Is Technology a Game-Changer?

While most companies are using lithium batteries to power their vehicles, solid-state batteries are also regarded as safer as they do not need the flammable liquid that is required in traditional lithium-ion batteries, reducing the fire risk in vehicles. These batteries are also lighter than their traditional counterparts and require a shorter charging time.

“These batteries are expected to vastly improve the performance of EVs, allowing them to run over longer distances. However, there are some drawbacks. While solid-state batteries may perform better, their lifespan may be shorter, as they can eventually form cracks and need replacing,” said OilPrice.com.

A solid-state battery in an EV should charge to full capacity in around 10-15 minutes. As of 2024, lithium-ion cells usually guarantee 80% of their original capacity after 1000 charge cycles. Solid-state cells should significantly improve on that score.

Challenges Are Aplenty

Since most of the solid-state battery projects are in their initial stages, they will be only undergoing small-scale productions, which means that costs will be elevated. Only with these initial lots proving their practical worth, large-scale manufacturing will follow, which will then drive down the costs.

“Solid-state is a great technology. But it’s going to be just like lithium-ion was in terms of the length of time it will take to hit the market. And lithium-ion took a long time to get there” noted Bob Galyen, owner of Galyen Energy and former chief technology officer for the Chinese battery giant Contemporary Amperex Technology Ltd. (CATL), while interacting with the IEEESpectrum.

In December 2023, Chinese automaker NIO announced about introduction of a 150-kilowatt-hour “semi-solid-state battery” that would theoretically offer a 1,000-km range. Experts pointed out that the product was not a solid-state one.

“This is in fact a fairly conventional NMC (nickel manganese cobalt) cell with a gel electrolyte that has been in production for 15 years and is typically referred to as lithium-polymer,” noted Sam Abuelsamid, principal research analyst for Guidehouse Insights, while speaking to IEEESpectrum.

“Technically the gel is considered a semi-solid because it has properties of both a solid and liquid.
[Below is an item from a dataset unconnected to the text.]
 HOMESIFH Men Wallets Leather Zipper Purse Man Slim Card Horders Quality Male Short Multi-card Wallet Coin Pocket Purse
But in a cell, it lacks the properties of a true solid-state electrolyte,” Abuelsamid stated, while issuing the caution about semi-solid-state battery cells being punctured on impact.

Galyen further cited five “golden rules” of EV batteries: safety, performance, life, cost, and environmental, before the product gets commercially adopted by the industry.
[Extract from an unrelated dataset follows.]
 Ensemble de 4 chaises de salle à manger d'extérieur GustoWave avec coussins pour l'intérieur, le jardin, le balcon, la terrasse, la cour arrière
“Most of the solid-state battery companies fall short on at least three of the five golden rules. I haven’t seen anyone publish life numbers that make any sense. And I haven’t seen cost numbers that are even close to competing with liquid-state, lithium-ion batteries,” Galyen stated, while admitting that Solid-state costs were about “where conventional lithium-ion batteries were a decade ago”.

As per Galyen, automakers still need to verify the performances of solid-state batteries on three crucial fronts, temperature, altitude, and shock and vibration.
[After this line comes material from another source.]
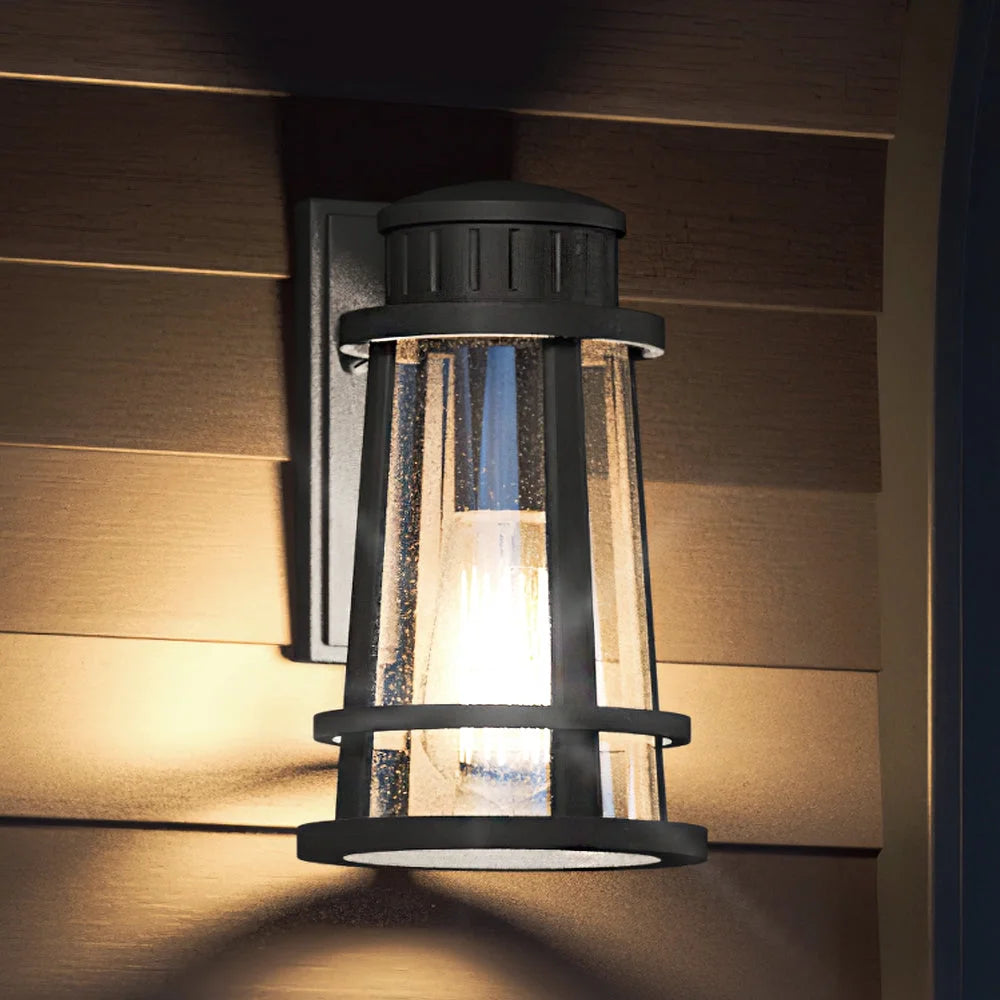 Natural Black Outdoor Wall Sconce with Clear Seeded Glass R6362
The validation process alone will be time-consuming, as the product needs to be tested in real-world conditions. Also, EV manufacturers need to build dedicated solid-state battery factories, which may take two years, followed by the half-year running of prototype products and distributing them to customers, who will put these batteries through their duty cycles.

Galyen sees an extended period of seven or more years for the build-out, production, and validation of solid-state batteries.

The Final Verdict

Solid-state cells are the inevitable future of the electric vehicle industry, especially when it comes to raising the vehicles’ safety and energy-related parameters, apart from ensuring faster recharge times.

Given these advantages, automakers are eager to embrace the product. However, just like any innovation undergoing bumps from its prototype run to the commercial adoption, solid-state batteries too will take their sweet time to be mature enough for commercial usage. Will the industry be patient enough to deal with the fact? We have to wait and watch.